Ruard van Workum was 15 when he started studying at TU Delft. Last week, at 18, he was the youngest student ever to receive a degree in Molecular Science & Technology.

Ruard van Workum skipped lessons in the second and third year of his bachelor degree. (Photo: Ruard van Workum)

“Yeah, thanks.” Ruard van Workum did not exactly sound enthusiastic when I congratulated him on his new degree. “Doing a course is well-trodden path in which you don’t need to think about what you’re doing for three years. It’s not that admirable,” he says, frowning. We have barely spoken for one minute and one thing is already clear: this will not be a run-of-the-mill interview.
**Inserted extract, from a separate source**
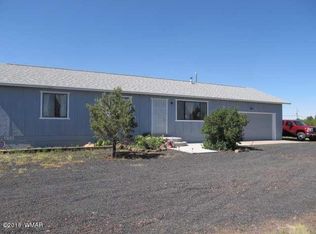 8452 Quail Run Dr, Show Low, AZ 85901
I had intended to chat with Van Workum about various things, such as his future. If you have a bachelor degree in your pocket at such a young age, isn’t the world your oyster? “Nope,” he answers firmly. And he would rather not talk about his age at all. Okay, can he do everything he wants? Absolutely not, he says. He feels a lot of pressure to do the right things, make the right choices. “I have more ability to learn than other people and I feel obliged to bring it to fruition.” So he has not started working or gone travelling this year. And he also won’t do a master’s. Van Workum is now studying at the CODE University of Applied Sciences in Berlin, a private educational institution founded (in German) by the German whizz-kid, Thomas Bachem. The University is funded by companies such as Facebook and Amazon. It does not have a full set curriculum and does not do written exams. Students learn in their own way, are given subjects designed for self-development and launch innovative start-ups along the way. “I have learned more in the last two months than in three years at TU Delft,” he says, gesturing emphatically.

Learning fewer facts
So what has he learned? He finds it hard to express in words. He takes a breath, starts saying something and changes his mind. “It’s really a feeling.” I ask him to compare his new course with his Molecular Science & Technology bachelor. Why does he not think his degree is that special? “People usually think that university is more difficult than secondary school. But in reality, it’s only a continuation of the same process,” he answers. “Bigger books from which you need to extract facts and apply them to an exam. It’s about having the ability to abstract and analyse, without it really being fundamentally more difficult. But at Code you need to work with 12 people to find solutions to a problem.” And he believes that this gives an extra dimension. “You don’t only dissect the problem itself, but you need to convince other people and really communicate well.”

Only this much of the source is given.